The Parliament of Bordeaux compelled Rochefoucauld to surrender. He did
so, and returned nominally to Poitou, but in reality in secret to Paris.

There he found the Queen engaged in trying to maintain her position by
playing off the rival parties of the Prince Condé and the Cardinal
De Retz against each other. Rochefoucauld eagerly espoused his old
party–that of Condé. In August, 1651, the contending parties met in the
Hall of the Parliament of Paris, and it was with great difficulty they
were prevented from coming to blows even there.

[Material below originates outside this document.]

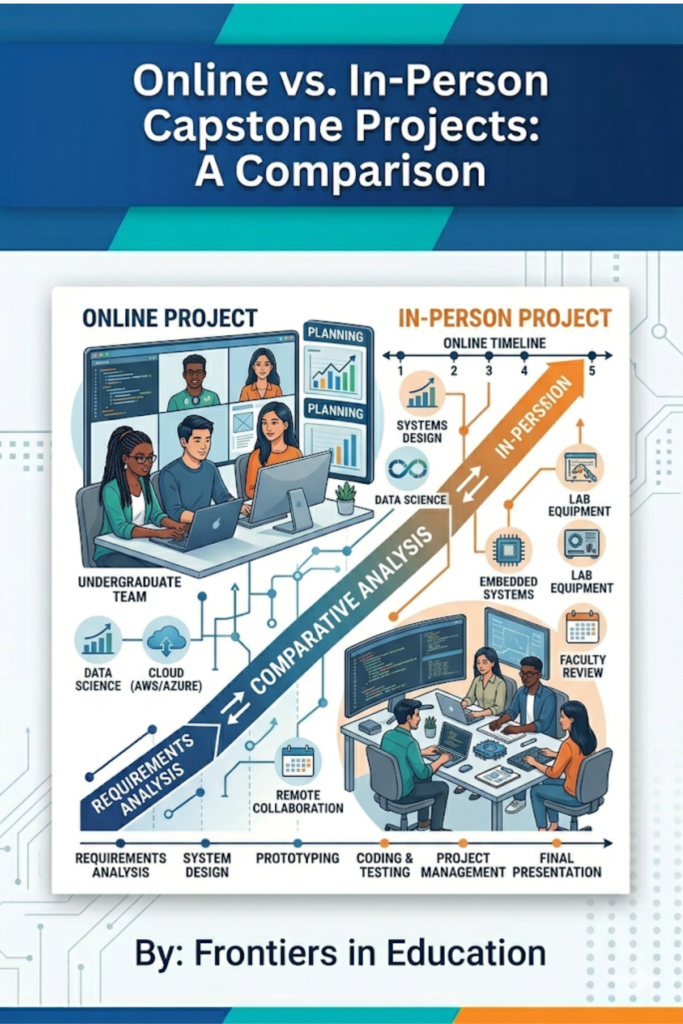 Online vs. in-person capstone projects compared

It is even said that
Rochefoucauld had ordered his followers to murder De Retz.

Rochefoucauld was soon to undergo a bitter disappointment. While
occupied with party strife and faction in Paris, Madame de Chevreuse
left him, and formed an alliance with the Duc de Nemours. Rochefoucauld
still loved her. It was, probably, thinking of this that he afterwards
wrote, “Jealousy is born with love, but does not die with it.” He
endeavoured to get Madame de Chatillon, the old mistress of the Duc de
Nemours, reinstated in favour, but in this he did not succeed. The Duc
de Nemours was soon after killed in a duel. The war went on, and after
several indecisive skirmishes, the decisive battle was fought at Paris,
in the Faubourg St. Antoine, where the Parisians first learnt the use
or the abuse of their favourite defence, the barricade. In this battle,
Rochefoucauld behaved with great bravery. He was wounded in the head, a
wound which for a time deprived him of his sight. Before he recovered,
the war was over, Louis XIV. had attained his majority, the gold of
Mazarin, the arms of Turenne, had been successful, the French nobility
were vanquished, the court supremacy established.

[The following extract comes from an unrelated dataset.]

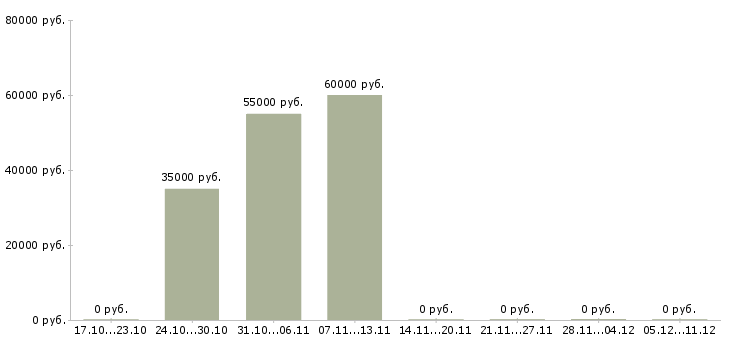 Вакансии водитель такси на автомобиле компании в Балашихе - Медиана зарплат водитель такси на автомобиле компании в Балашихе за 2 месяца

This completed Rochefoucauld’s active life.

When he recovered his health, he devoted himself to society. Madame
de Sablé assumed a hold over him. He lived a quiet life, and occupied
himself in composing an account of his early life, called his “Memoirs,”
and his immortal “Maxims.”

From the time he ceased to take part in public life, Rochefoucauld’s
real glory began. Having acted the various parts of soldier, politician,
and lover with but small success, he now commenced the part of moralist,
by which he is known to the world.

Living in the most brilliant society that France possessed, famous
from his writings, distinguished from the part he had taken in public
affairs, he formed the centre of one of those remarkable French literary
societies, a society which numbered among its members La Fontaine,
Racine, Boileau. Among his most attached friends was Madame de
La Fayette (the authoress of the “Princess of Cleeves”), and this
friendship continued until his death. He was not, however, destined to
pass away in that gay society without some troubles. At the passage of
the Rhine in 1672 two of his sons were engaged; the one was killed, the
other severely wounded. Rochefoucauld was much affected by this, but
perhaps still more by the death of the young Duc de Longueville, who
perished on the same occasion.

Sainte Beuve says that the cynical book and that young life were the
only fruits of the war of the Fronde. Madame de Sévigné, who was with
him when he heard the news of the death of so much that was dear to
him, says, “I saw his heart laid bare on that cruel occasion, and his
courage, his merit, his tenderness, and good sense surpassed all I ever
met with. I hold his wit and accomplishments as nothing in comparison.”
The combined effect of his wounds and the gout caused the last years of
Rochefoucauld’s life to be spent in great pain. Madame de Sévigné,
who was {with} him continually during his last illness, speaks of the
fortitude with which he bore his sufferings as something to be admired.
Writing to her daughter, she says, “Believe me, it is not for nothing he
has moralised all his life; he has thought so often on his last moments
that they are nothing new or unfamiliar to him.”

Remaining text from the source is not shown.